Mas diante da «amargura, do rancor, das lamentações», explicou o Papa, hoje «a palavra da Igreja é “coragem”». Uma palavra reiterada pelo profeta Isaías: «Coragem! Não temais; eis o vosso Deus, chega a vingança, a recompensa divina. Ele vem para vos salvar». Uma mensagem clara para cada crente: «Coragem, será ele quem te consolará. Confia nele. Coragem».

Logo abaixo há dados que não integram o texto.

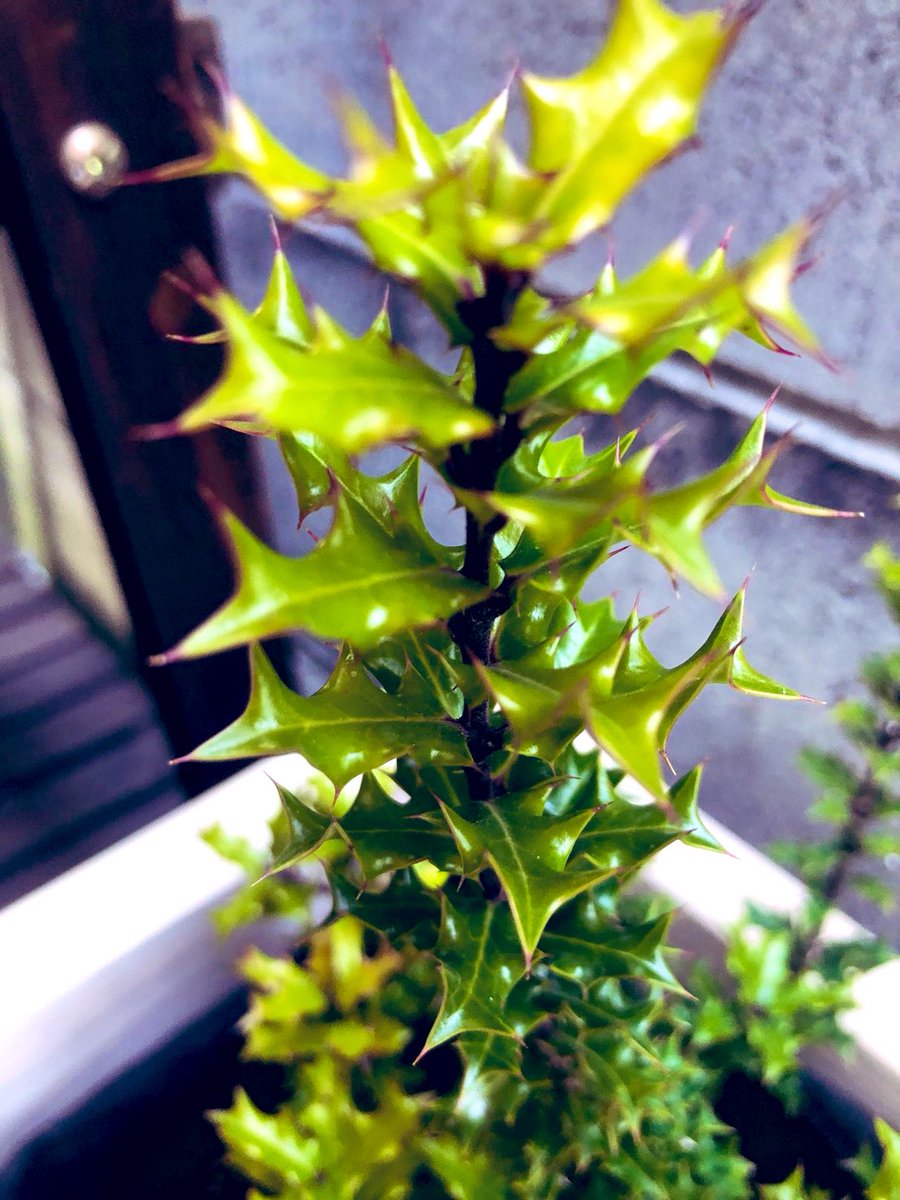 Rexcross_jp's tweet photo. ヒメヒイラギを植えてみました。
厄除けになるかな・・・👹 https://t.co/2FWAAGV17i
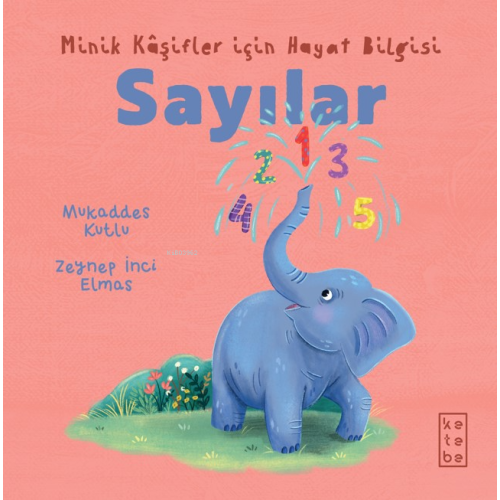 Sayılar - Minik Kâşifler için Hayat Bilgisi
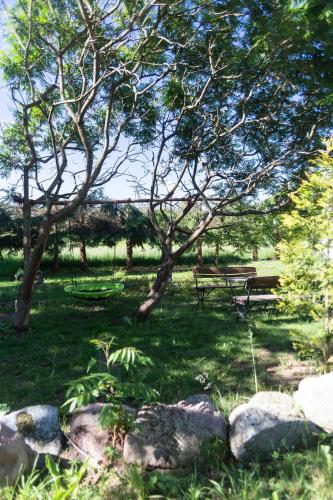 a park with a picnic table and a tree at W Sercu Mazur in Harsz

E é também, disse Francisco, «a mesma palavra de Jesus: “Coragem”». Por exemplo, repete-a àqueles homens que queriam que o seu amigo fosse curado. Estes, não obstante as dificuldades («Mas não se pode entrar, Senhor, há tanta gente... como podemos fazer....»), «subiram ao teto e, telha após telha, uma por uma, abriram o buraco e fizeram-no descer. Naquele momento não pensaram: “Mas há os escribas, há polícias, se nos prenderem levar-nos-ão para a prisão...”. Não, não pensaram nisto. Queriam apenas a cura, queriam que o Senhor consolasse o seu amigo e a eles».

A fim de reafirmar o conceito, o Pontífice retomou as palavras de Isaías: «Coragem! Coragem, não temais, fortalecei as mãos fracas: as mãos são frágeis, enrobustecei-as, coragem. “Tornai firmes os joelhos inseguros”: coragem, em frente, há joelhos inseguros... sim, mas em frente, coragem. “Dizei aos desorientados de coração — a quantos sentem rancor, que vivem nas lamentações: “Eis o vosso Deus que vem para vos salvar”».

A mensagem da liturgia de hoje, disse o Papa, «é muito bonita e muito positiva: deixar-se consolar pelo Senhor». Mesmo se não é fácil, «porque para se deixar consolar pelo Senhor» é necessário «despojar-se dos egoísmos, daquelas coisas que são o próprio tesouro, quer as amarguras, quer as lamentações, muitas coisas». Portanto, acrescentou, «seria bom que hoje, cada um de nós, fizesse um exame de consciência: Como está o meu coração? Tenho qualquer amargura? Sinto alguma tristeza?», e questionar-se: «Como é a minha linguagem? É de louvor a Deus, de beleza ou sempre de lamentações?». E também «pedir ao Senhor a graça da coragem, pois na coragem Ele vem para nos consolar».